---- Collected data
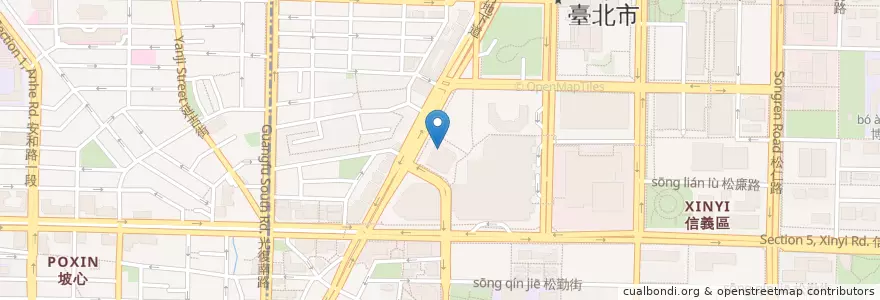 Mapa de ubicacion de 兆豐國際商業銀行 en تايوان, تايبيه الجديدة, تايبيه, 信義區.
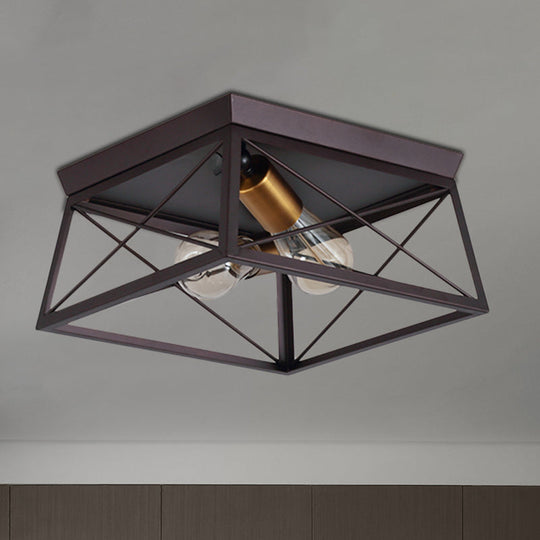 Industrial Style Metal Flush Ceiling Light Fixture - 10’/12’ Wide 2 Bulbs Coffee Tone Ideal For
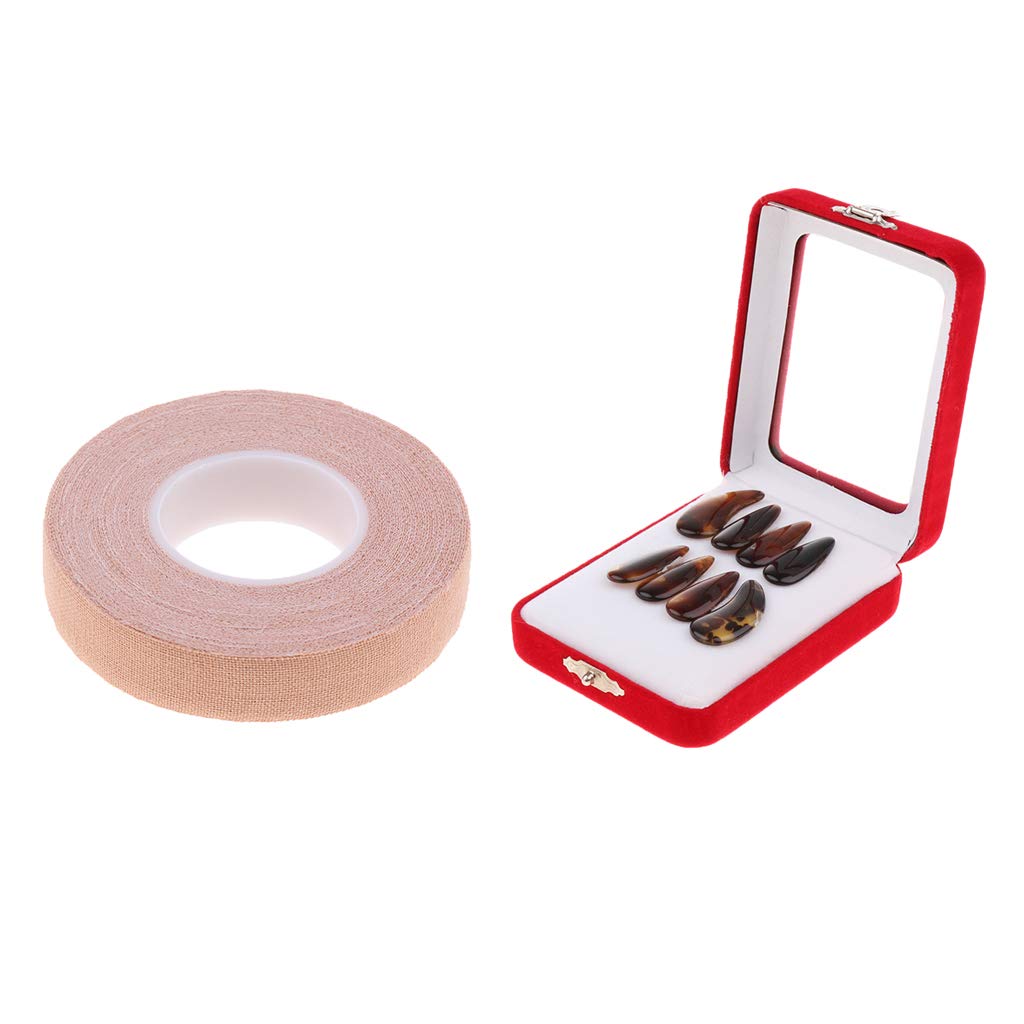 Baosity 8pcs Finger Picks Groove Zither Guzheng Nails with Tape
--------
Work required: The line containing "Industrial Style Metal" marks the start: set down exactly that line and every line after it through the last line of the data, without any pictures.

Solution:
 Industrial Style Metal Flush Ceiling Light Fixture - 10’/12’ Wide 2 Bulbs Coffee Tone Ideal For
 Baosity 8pcs Finger Picks Groove Zither Guzheng Nails with Tape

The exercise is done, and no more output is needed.